(Supplied data)
------------------------------------------------------------------------
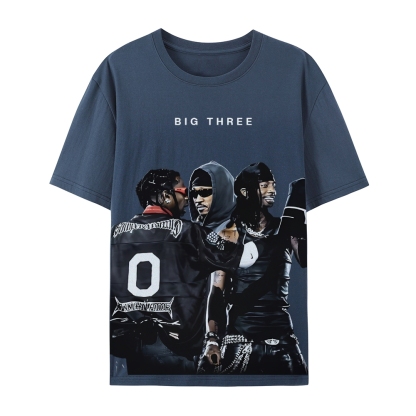 MUSIC BIG THREE TEE Casual Short Sleeve T-Shirt  
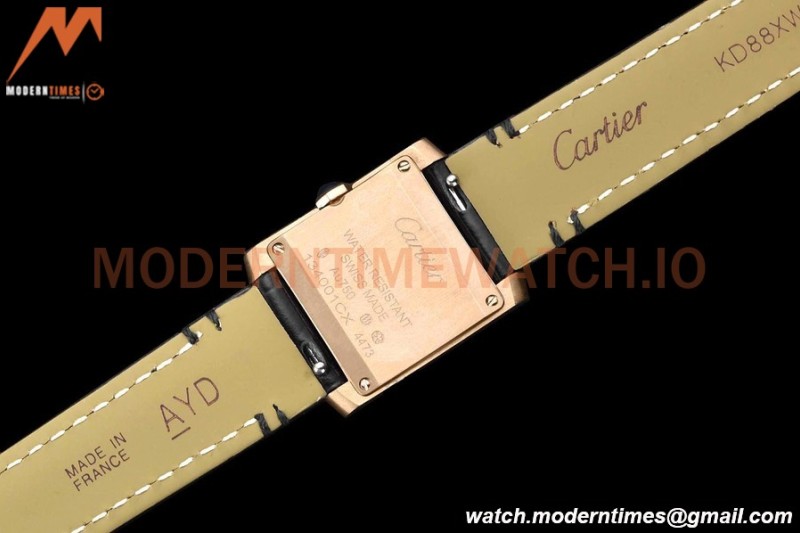 Cartier - Tank Francaise 21mm Small Size RG/LE Blk/Silv 8848F Swiss Qtz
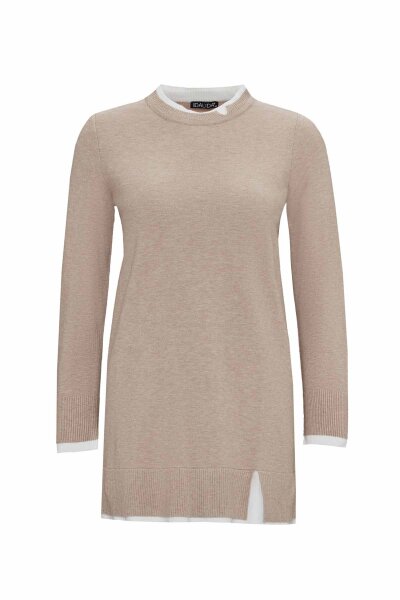 Yakası Yırtmaçlı Triko Vizon Tunik - MISS DALIDA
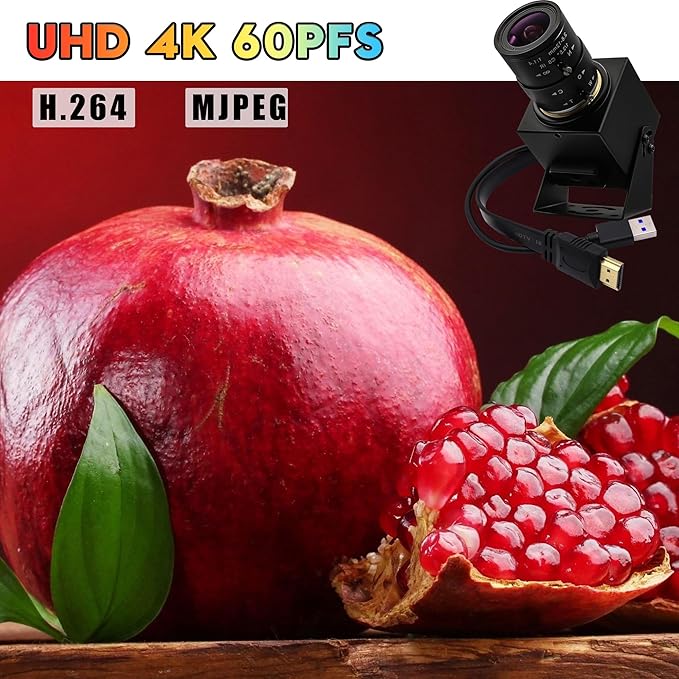 SVPRO 4K 60fps Streaming Camera with 4X Optical Zoom &amp Manual Focus HDMI/USB 3.0 Webcam for PC/Mac - Live Broadcast/OBS/Monitoring 2.8-12mm CS Mount Lens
------------------------------------------------------------------------
(Exercise requirements)
Set down the line containing "Cartier - Tank", then every later line through the end of the material, exactly as written; omit any picture.

(Exercise answer)
 Cartier - Tank Francaise 21mm Small Size RG/LE Blk/Silv 8848F Swiss Qtz
 Yakası Yırtmaçlı Triko Vizon Tunik - MISS DALIDA
 SVPRO 4K 60fps Streaming Camera with 4X Optical Zoom &amp Manual Focus HDMI/USB 3.0 Webcam for PC/Mac - Live Broadcast/OBS/Monitoring 2.8-12mm CS Mount Lens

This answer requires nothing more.